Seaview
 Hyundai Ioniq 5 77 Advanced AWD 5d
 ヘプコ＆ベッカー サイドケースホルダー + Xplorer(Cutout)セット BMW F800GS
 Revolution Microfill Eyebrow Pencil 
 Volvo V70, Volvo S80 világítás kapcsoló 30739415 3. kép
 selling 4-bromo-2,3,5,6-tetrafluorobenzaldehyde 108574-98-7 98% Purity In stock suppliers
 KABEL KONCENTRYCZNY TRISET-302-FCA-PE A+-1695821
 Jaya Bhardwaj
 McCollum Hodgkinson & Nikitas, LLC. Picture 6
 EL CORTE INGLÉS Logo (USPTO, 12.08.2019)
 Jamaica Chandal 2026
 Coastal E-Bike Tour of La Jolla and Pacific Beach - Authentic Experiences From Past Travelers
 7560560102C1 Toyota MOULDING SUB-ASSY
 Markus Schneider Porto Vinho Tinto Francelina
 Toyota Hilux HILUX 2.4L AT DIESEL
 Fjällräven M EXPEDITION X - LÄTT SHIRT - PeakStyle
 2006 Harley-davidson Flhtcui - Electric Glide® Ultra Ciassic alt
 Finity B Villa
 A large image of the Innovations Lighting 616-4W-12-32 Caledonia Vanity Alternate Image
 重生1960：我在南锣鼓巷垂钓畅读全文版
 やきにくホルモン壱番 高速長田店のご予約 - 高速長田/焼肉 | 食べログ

▶ [EXERCISE REQUIREMENTS]:
Your job is to reproduce the data in full, with every line intact.

▶ [RESPONSE FOR THIS EXERCISE]:
Seaview
 Hyundai Ioniq 5 77 Advanced AWD 5d
 ヘプコ＆ベッカー サイドケースホルダー + Xplorer(Cutout)セット BMW F800GS
 Revolution Microfill Eyebrow Pencil 
 Volvo V70, Volvo S80 világítás kapcsoló 30739415 3. kép
 selling 4-bromo-2,3,5,6-tetrafluorobenzaldehyde 108574-98-7 98% Purity In stock suppliers
 KABEL KONCENTRYCZNY TRISET-302-FCA-PE A+-1695821
 Jaya Bhardwaj
 McCollum Hodgkinson & Nikitas, LLC. Picture 6
 EL CORTE INGLÉS Logo (USPTO, 12.08.2019)
 Jamaica Chandal 2026
 Coastal E-Bike Tour of La Jolla and Pacific Beach - Authentic Experiences From Past Travelers
 7560560102C1 Toyota MOULDING SUB-ASSY
 Markus Schneider Porto Vinho Tinto Francelina
 Toyota Hilux HILUX 2.4L AT DIESEL
 Fjällräven M EXPEDITION X - LÄTT SHIRT - PeakStyle
 2006 Harley-davidson Flhtcui - Electric Glide® Ultra Ciassic alt
 Finity B Villa
 A large image of the Innovations Lighting 616-4W-12-32 Caledonia Vanity Alternate Image
 重生1960：我在南锣鼓巷垂钓畅读全文版
 やきにくホルモン壱番 高速長田店のご予約 - 高速長田/焼肉 | 食べログ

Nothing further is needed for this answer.